So, anyway, it seems to me that maybe Dominic Sandbrook is trying to do for the 70s what some aesthetically-challenged medievalists did for art history and what some cranially-challenged Viking skolurs did for Anglo-Saxon history.  Like I say, though, I like Dominic Sandbrook and I’m going to give his show a go.  I’m sure it’ll be fascinating and fun.  It may even convince me.  His ideas certainly, admittedly, sound more plausible than those of the medieval revisionists I’ve mentioned.  I may well write about the 1970s afterwards, one way or the other.  But beforehand, at the risk of sounding like I’m barfing up a Stuart Maconie script written by researchers for I 1970-1-2-3-4-5-6-7-8 or 9, here’s a list of Bad Things about the 1970s.  Some of them are general Bad Things that many of you will recognise, others were more personal Bad Things that I experienced myself, though you may recall similar sorts of experiences, but all of them are Bad Things.  Afterwards, in the interest of balance, however specious that concept is, I will mention some Good Things about the 70s.  But then I will conclude that overall the 1970s can be characterised as a Bad Thing.  So, here we go.

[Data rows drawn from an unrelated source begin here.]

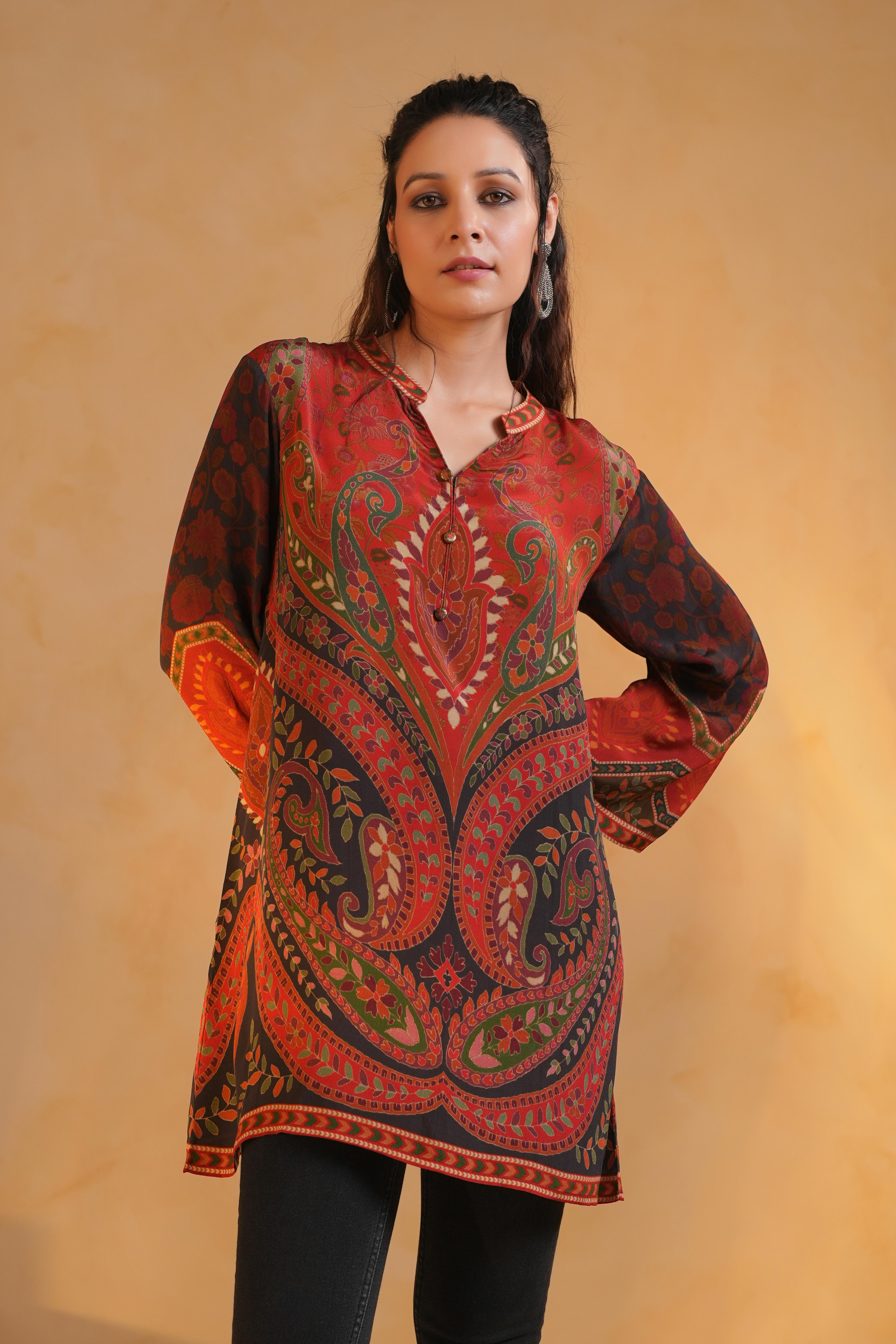 Rust Red Printed Crepe Silk Top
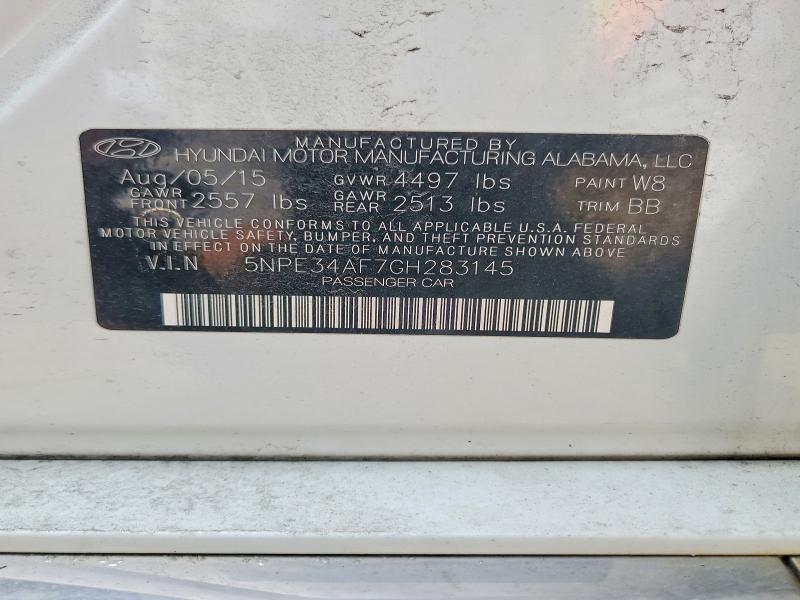 2016 Hyundai Sonata მანქანა იყიდება აუქციონზე, vin: 5NPE34AF7GH283145, აუქციონის ნომერი: 52887216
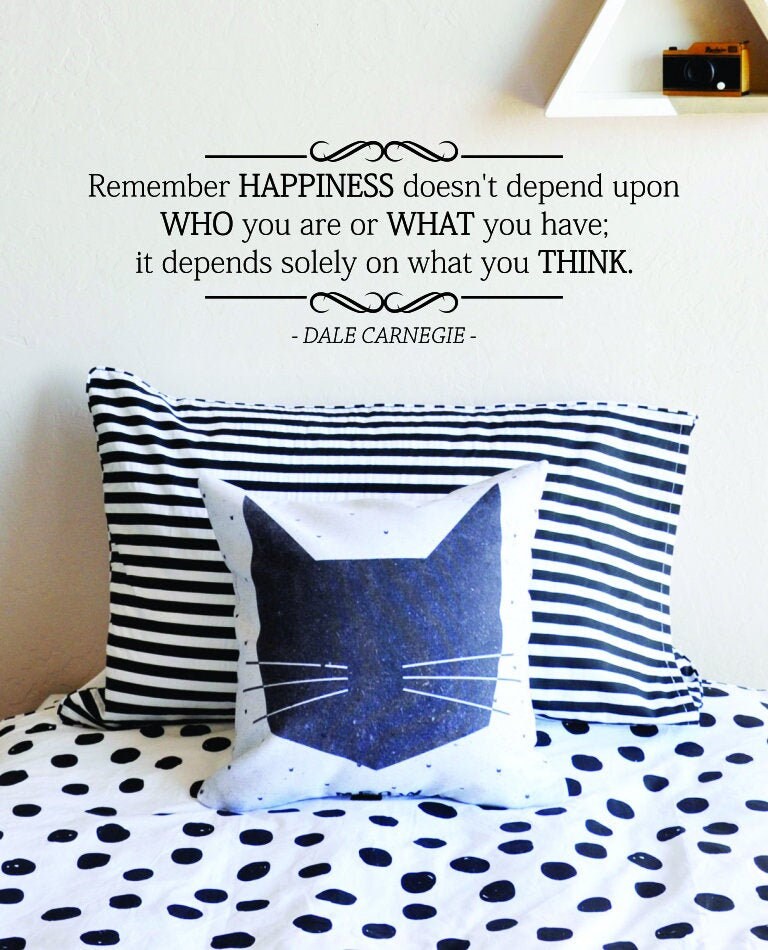 Remember Happiness Doesnt Depend Upon Who You Are Or What You Have Vinyl Decal Wall Sticker Decor Quote – Motivational Wall Murals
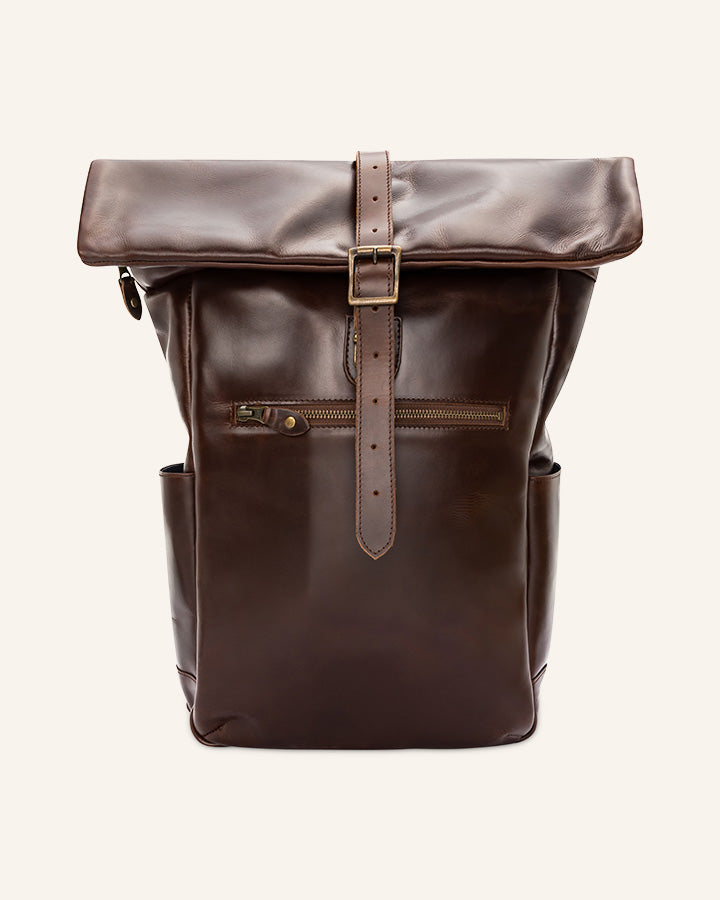 Buckle & Seam Norman Rolltop Rucksack Leder Blau 28L Laptopfach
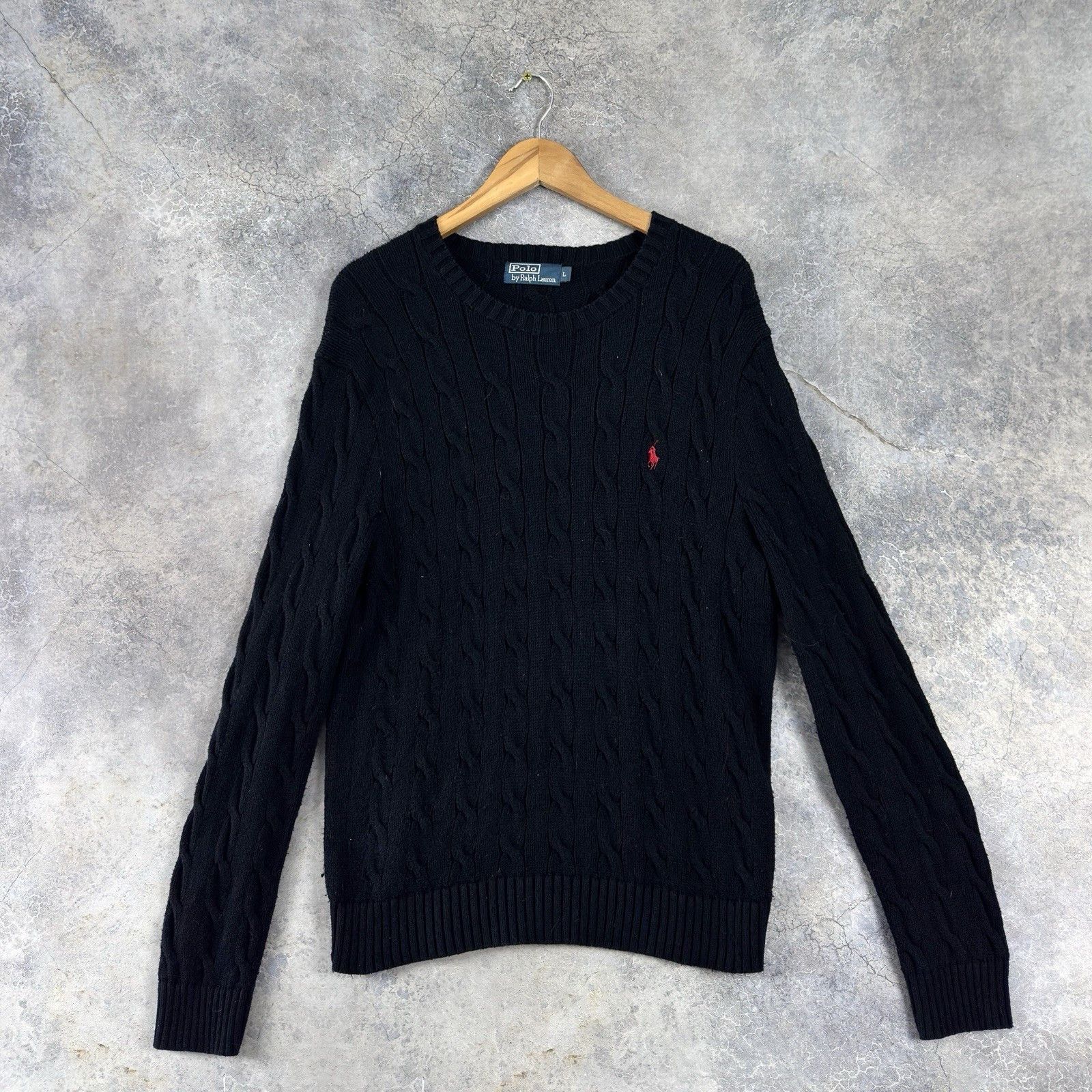 Polo Ralph Lauren POLO RALPH LAUREN Vintage Black Knit Crewneck Sweaters Size US L / EU 52-54 / 3 - 1 Thumbnail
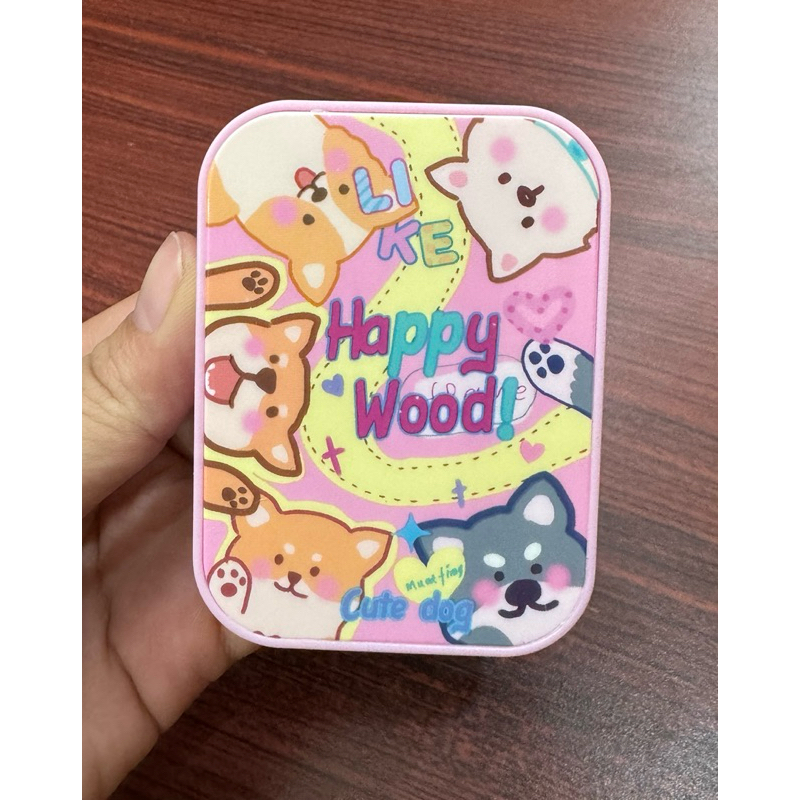 khay đôi chó Shiba happy wood hồng, khay mèo Drange tím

* Endless, endless, endless industrial inaction.
* Blackouts.
* Red Robbo.
* The election of Margaret Thatcher and the birth of hegemonic neo-liberal politics in the UK.
* The IRA.
* Astrid Proll, though 70s terrorists sounded sexier than the Abu Hamza types we have now.
* The oil crisis. Which, thank goodness, is now long over with.
* Pol Pot.
* Idi Amin.
* Plane hijackings, on a daily basis.
* The later stages of the Vietnam War, without the really cool soundtrack that the earlier stages had. 
* Glamorous Rock.
* Disco.
* Discos.
* Johnny Cash’s tragic “Cheese Period.”
* Chopper Bikes.
* The Ford Crapi, the Dagenham Ferrari, nuff said.
* Flares.
* Trim phones.
* Douchebags.
* Douchebags who could—and would—imitate trim phones.
* Douchebags who could, would—and did—imitate trim phones on That’s Life.
* Dogs who supposedly could say “sausages” but who could actually only growl “ghshsughshsughsh” on That’s Life. If their owners forced their jaws open and squeezed their arses hard enough.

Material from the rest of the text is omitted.